The grieving mom, who avenged the death of her beloved daughter, was widely praised, and received a lot of encouragement and understanding – despite the vigilante justice she carried out.
In the beginning, Marianne was portrayed as a saint by the media. But then journalists started to dig up her past. Newspapers found out that Marianne gave up her first two children for adoption. The fact that she spent a lot of time in the bar she worked at was just one of the details that began to tarnish the picture of a loving and self-sacrificing mom.
In 1983, Marianne was convicted of premeditated manslaughter and unlawful possession of a firearm. She was sentenced to six years behind bars, but was released after three years.
After serving her time behind bars, Marianne emigrated to Nigeria and married a German teacher. In 1990, she got divorced and moved to Sicily, Italy.
Unfortunately, Marianne was eventually diagnosed with pancreatic cancer and moved back to her motherland and hometown, Lübeck. Her act of revenge continued to live in the memories of many Germans; newspapers still wrote about the incident well into the 1990s.
In 1994, 13 years after her act, she gave a rare interview on German radio.
“I think there is a very big difference if I kill a little girl because I’m afraid I then have to go to prison for my life. And then also the ‘how’, so that I stand behind the girl and, strangle her which is taken literally from his statement: ‘I heard something come out of her nose, I was fixated, then I could not stand the sight of her body any longer,’” she said.

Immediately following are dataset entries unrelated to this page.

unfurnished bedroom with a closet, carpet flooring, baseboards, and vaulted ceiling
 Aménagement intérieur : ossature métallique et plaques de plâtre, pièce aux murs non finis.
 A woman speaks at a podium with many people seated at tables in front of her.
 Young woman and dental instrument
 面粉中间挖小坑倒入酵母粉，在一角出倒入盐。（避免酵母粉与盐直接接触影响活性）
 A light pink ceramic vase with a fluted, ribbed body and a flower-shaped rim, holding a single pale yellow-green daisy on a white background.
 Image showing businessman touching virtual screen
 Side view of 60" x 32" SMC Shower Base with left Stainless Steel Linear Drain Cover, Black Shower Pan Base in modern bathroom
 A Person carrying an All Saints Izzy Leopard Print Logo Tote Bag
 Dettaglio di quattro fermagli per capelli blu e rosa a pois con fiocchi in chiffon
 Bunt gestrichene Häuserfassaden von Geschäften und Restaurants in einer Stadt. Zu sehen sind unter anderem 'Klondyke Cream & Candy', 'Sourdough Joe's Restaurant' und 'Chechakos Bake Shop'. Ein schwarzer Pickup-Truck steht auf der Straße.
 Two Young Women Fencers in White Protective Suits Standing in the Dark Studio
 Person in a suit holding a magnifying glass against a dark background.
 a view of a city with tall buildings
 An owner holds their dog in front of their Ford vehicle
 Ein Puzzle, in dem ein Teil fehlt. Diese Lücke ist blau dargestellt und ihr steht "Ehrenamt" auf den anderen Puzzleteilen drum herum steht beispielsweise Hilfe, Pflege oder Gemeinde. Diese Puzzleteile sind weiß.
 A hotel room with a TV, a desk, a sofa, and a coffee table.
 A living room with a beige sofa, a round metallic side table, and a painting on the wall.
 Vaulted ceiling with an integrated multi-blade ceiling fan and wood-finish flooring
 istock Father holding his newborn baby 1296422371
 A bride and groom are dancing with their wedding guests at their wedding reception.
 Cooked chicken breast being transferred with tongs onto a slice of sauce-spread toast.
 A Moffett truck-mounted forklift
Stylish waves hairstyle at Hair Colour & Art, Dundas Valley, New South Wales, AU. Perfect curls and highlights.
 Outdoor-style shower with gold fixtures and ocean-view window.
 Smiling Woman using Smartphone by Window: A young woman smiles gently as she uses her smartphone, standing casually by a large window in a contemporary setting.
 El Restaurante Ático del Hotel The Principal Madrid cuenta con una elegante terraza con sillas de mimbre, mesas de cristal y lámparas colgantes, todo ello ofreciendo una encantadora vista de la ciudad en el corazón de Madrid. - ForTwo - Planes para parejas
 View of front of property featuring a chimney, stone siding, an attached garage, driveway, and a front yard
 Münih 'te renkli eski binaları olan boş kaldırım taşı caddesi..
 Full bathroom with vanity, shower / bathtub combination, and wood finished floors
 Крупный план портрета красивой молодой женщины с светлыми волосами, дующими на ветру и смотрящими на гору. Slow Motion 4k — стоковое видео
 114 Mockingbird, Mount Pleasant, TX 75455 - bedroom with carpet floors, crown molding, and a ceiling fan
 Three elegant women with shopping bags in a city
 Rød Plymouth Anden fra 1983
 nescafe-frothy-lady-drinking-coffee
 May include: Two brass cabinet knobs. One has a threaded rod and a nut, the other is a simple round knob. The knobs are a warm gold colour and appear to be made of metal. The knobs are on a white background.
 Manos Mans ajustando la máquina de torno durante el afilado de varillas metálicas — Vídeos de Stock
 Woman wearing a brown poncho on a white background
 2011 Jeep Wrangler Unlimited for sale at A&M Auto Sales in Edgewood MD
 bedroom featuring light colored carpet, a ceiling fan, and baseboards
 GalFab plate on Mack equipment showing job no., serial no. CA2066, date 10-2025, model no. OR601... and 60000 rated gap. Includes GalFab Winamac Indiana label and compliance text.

In an interview with Das Erste TV channel in 1995, Marianne confessed that she had shot Grabowski after careful consideration and to prevent him from spreading more lies about Anna.
On 17 September 1996, Marianne passed away at hospital in Lübeck. She wanted to die in her previous home in Sicily, but never got there.
Marianne’s fate and case of vigilante justice is still debated. A large part of the population defended her act and saw it as a fair punishment for a sex offender who had already been convicted of child abuse on several occasions. Others, however, thought that it was wrong of Marianne to take the law into her own hands. She should have left the verdict to the judge, the critics claimed.